On Wed, Jan 05, 2022 at 12:40:49PM +0800, D. Wythe wrote:
> Hi, 
> 
> Since we are trying to use the backlog parameter to limit smc dangling
> connections, it's seems there's no difference from increasing the
> backlog parameter for the TCP listen socket, user space Application can
> simply avoid the 10K connections problem through that.
> 
> If so, this patch looks redundant to me.
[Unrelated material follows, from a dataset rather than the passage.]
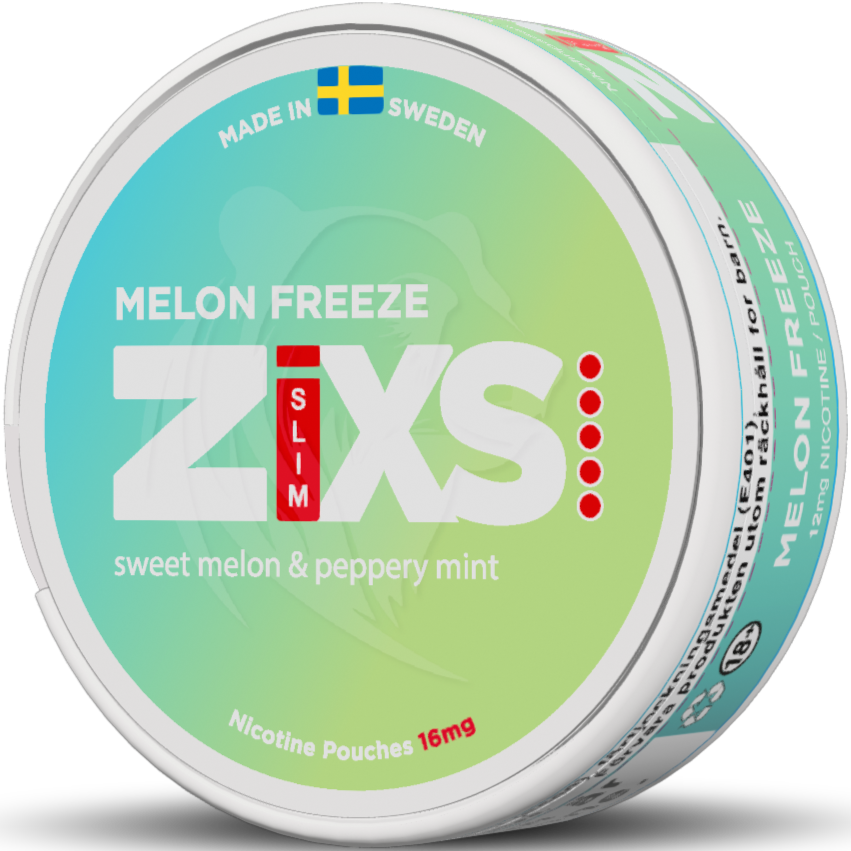 Zixs Melon Freeze Slim Side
Look forward to your advise.
> 
> Thanks.

Hi D. Wythe,

IMHO, this patch is still useful for flood-connections scenes.
Karsten concerns the safety in flood case, we should limit the number
of tcp sockets for safety.

Imaging these two scenes:
- general socket setup process, if with this patch, setting up tcp
  socket is faster, but we also need to wait for the rest part of
  handshake (rdma...). Meanwhile, there are lots of dangling sockets,
  which may cause kernel OOM. If it isn't first-connected peer, the
  rest part is faster, and this patch should be useful.
- always fallback to tcp, the rest part of handshake failed, so we need
  to fallback, this patch should make it faster to fallback.
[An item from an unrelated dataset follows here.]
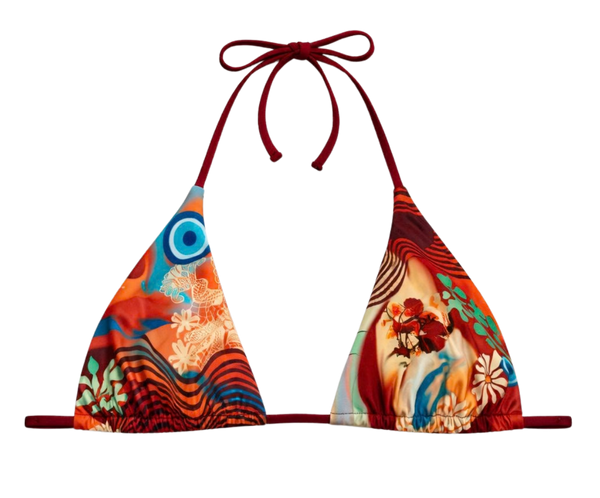 Commandaria Kiss - Reversible Bikini Top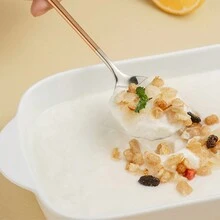 適用於妻子、丈夫、姊妹的雕刻不鏽鋼勺子,咖啡勺子、麥片勺子、冰淇淋勺子、甜點勺子、果醬勺子等等,適合作為假日禮物、生日禮物、週年慶禮物 - 銀色 - 查看 7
Whatever scenes we met, it could be better to limit the number of
"half-connected", like backlog in tcp. There is a possible approach,
using sysctl to limit the global or net-namespace max backlog.
Currently, smc doesn't support sysctl yet. I sent an incomplete sysctl
patch before, maybe it could help you. If so, I will fix that patch, and
resent it out.

Thanks,
Tony Lu
 
> On Tue, Jan 04, 2022 at 02:45:35PM +0100, Karsten Graul wrote:
> > On 04/01/2022 14:12, D. Wythe wrote:
> > > From: "D. Wythe" <alibuda@linux.alibaba.com>
> > > 
> > > In nginx/wrk multithread and 10K connections benchmark, the
> > > backend TCP connection established very slowly, and lots of TCP
> > > connections stay in SYN_SENT state.
> > 
> > I see what you are trying to solve here.
> > So what happens with your patch now is that we are accepting way more connections
> > in advance and queue them up for the SMC connection handshake worker.
> > The connection handshake worker itself will not run faster with this change, so overall
> > it should be the same time that is needed to establish all connections.
> > What you solve is that when 10k connections are started at the same time, some of them
> > will be dropped due to tcp 3-way handshake timeouts. Your patch avoids that but one can now flood
> > the stack with an ~infinite amount of dangling sockets waiting for the SMC handshake, maybe even 
> > causing oom conditions.
> > 
> > What should be respected with such a change would be the backlog parameter for the listen socket,
> > i.e. how many backlog connections are requested by the user space application?
> > There is no such handling of backlog right now, and due to the 'braking' workers we avoided
> > to flood the kernel with too many dangling connections. With your change there should be a way to limit
> > this ind of connections in some way.